We all need to blow off some steam these days. Between North Korea, the Middle East and various domestic dilemmas, our chances of seeing the new year are slim. So why not enjoy ourselves while we still have the time? Right. That's what we say. Want to have some real fun? There's nothing better than screwing with golfers. If you drive around the Lakewood Country Club, you'll notice that the golf course is surrounded by iron gates--the kind you can easily see through. That's the key here. So this is what you do. Drive slowly. Pick out a foursome (we suggest the elderly or the competitive--they always react with excited indignation). Then, when one of them is on his backswing, honk your horn and scream obscenities out the window. At the least, you'll get to watch them shank the ball. In the best scenario, they'll jump up and down or throw something your way. All very funny. Feeling particularly blue? Just drive by again. Hey, it's free. And besides, we'll all be dead soon from nuclear winter, so it won't matter anyway.

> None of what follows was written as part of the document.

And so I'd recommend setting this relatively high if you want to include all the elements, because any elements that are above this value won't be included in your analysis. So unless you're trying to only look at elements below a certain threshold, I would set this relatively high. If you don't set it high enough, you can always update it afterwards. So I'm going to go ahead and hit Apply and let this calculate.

Between suburban Cedar Hill and Grand Prairie, the rolling landscape along this rapidly developing two-lane road is about as close as you're gonna get to the Texas Hill Country. The route leads to the popular and picturesque Lake Joe Pool, where a state park boasts nature trails, campsites and bike routes that are hardly overused as long as you skip Fourth of July weekend and Memorial Day. You'll want to make a quick detour into the tree-hidden campus of Northwood University. In the early evening, it provides a nice vantage point to see red-tailed hawks and big white egrets swooping in for landings.

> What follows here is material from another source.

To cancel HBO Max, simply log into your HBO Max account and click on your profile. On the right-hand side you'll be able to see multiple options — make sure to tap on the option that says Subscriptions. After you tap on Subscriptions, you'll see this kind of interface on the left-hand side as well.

The spacious ice rink in the center of downtown's Plaza of the Americas is the perfect escape for any middle-management yuppie who could use a cool break from that three-walled hell known as the cubicle. Located on the bottom floor of a building filled with law offices, real estate agencies, financial consolidation groups and Internet mortgage blabitty-blabitty-blahs, the rink generally will be filled with a mix of businesspeople, vacationers staying at the adjacent Westin City Center and local high-schoolers who make their way over via the Pearl Street DART station. Surrounding the ice rink is a plethora of shops and restaurants ready to provide you with a post-skate snack and some trinkets to bring home. Closer than the Galleria and better than hosing down the driveway on one of Texas' only subzero days, Americas Ice Garden Ice Rink is a chilly oasis in the middle of our concrete jungle.
Thought it was going to be some techno club, huh? Well, hang on, because Red River has its share of mainstream and country music. Hear us out on our reasoning. The venue has a house band when it doesn't have a scheduled concert, dance lessons (because there's nothing worse than turning the wrong way, causing your new dance partner to lose an eye) or one incredibly entertaining mechanical bull. The joint has drink and cover specials most nights and the aforementioned lessons two nights a week. It's a bit like an amusement park for drinkers, really. Grab a Bud, slide out onto the hardwood dance floor, spin for a few, go for a ride--and on occasion the ladies can race and claw their way to cash, thanks to a balloon drop. Red River is chaos, it's country and it's fun. Give it a shot...after buying us one, of course.